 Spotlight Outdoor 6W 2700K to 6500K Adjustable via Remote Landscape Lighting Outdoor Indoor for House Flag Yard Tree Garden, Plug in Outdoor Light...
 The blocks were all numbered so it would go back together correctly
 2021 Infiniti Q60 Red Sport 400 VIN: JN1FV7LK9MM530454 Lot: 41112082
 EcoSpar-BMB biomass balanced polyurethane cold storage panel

────────────────────────────────────────

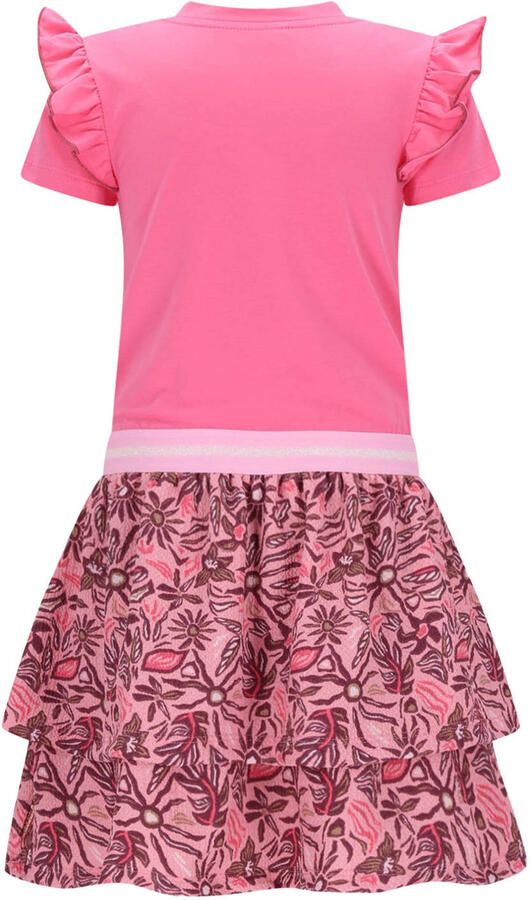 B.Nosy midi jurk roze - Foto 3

────────────────────────────────────────

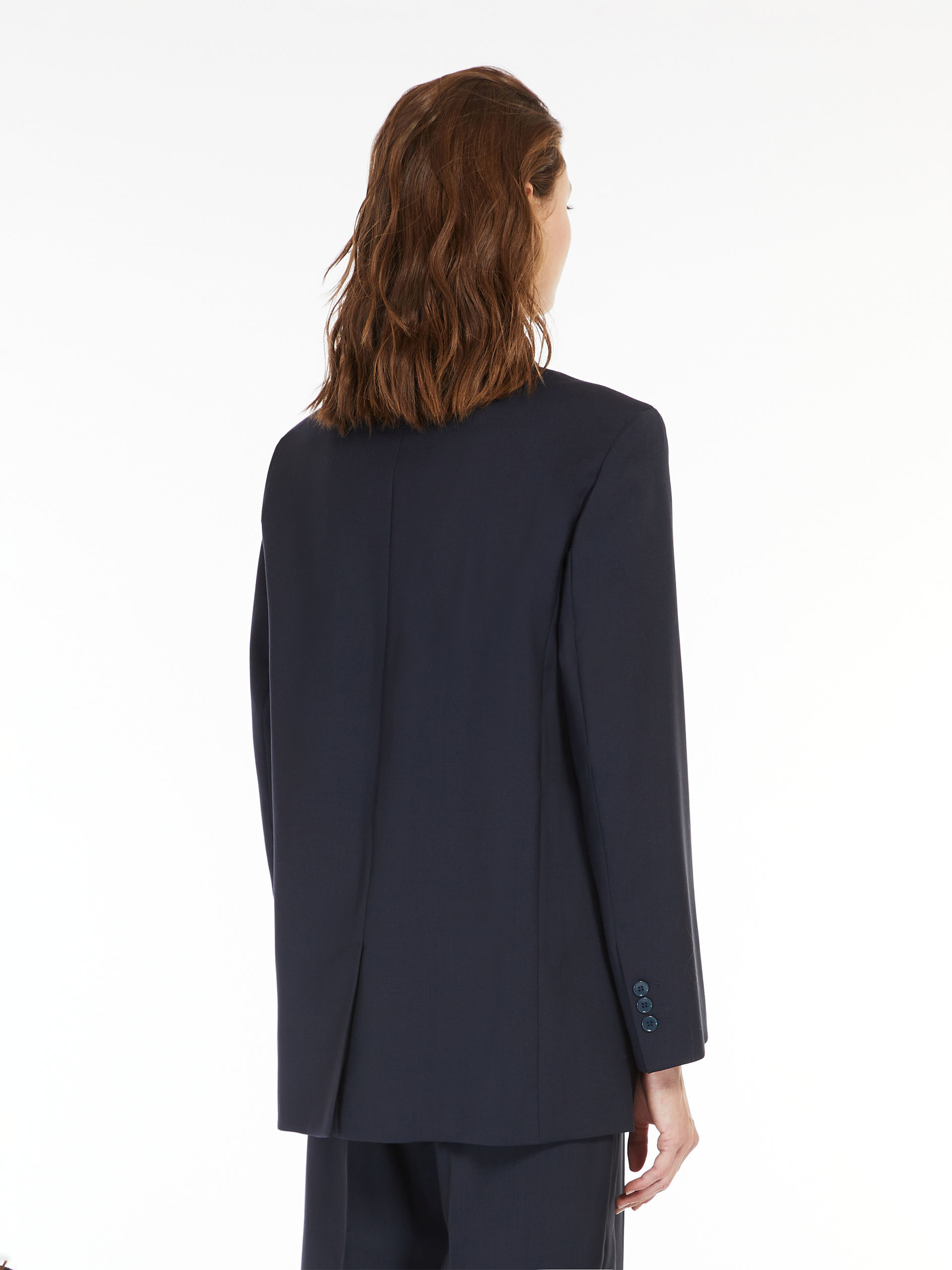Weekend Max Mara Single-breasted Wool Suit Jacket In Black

────────────────────────────────────────

* **Task directions**:
Using the data above, reproduce exactly the lines from the line that contains "Spotlight Outdoor 6W" through the line that contains "EcoSpar-BMB biomass balanced", including both.

* **Task result**:
 Spotlight Outdoor 6W 2700K to 6500K Adjustable via Remote Landscape Lighting Outdoor Indoor for House Flag Yard Tree Garden, Plug in Outdoor Light...
 The blocks were all numbered so it would go back together correctly
 2021 Infiniti Q60 Red Sport 400 VIN: JN1FV7LK9MM530454 Lot: 41112082
 EcoSpar-BMB biomass balanced polyurethane cold storage panel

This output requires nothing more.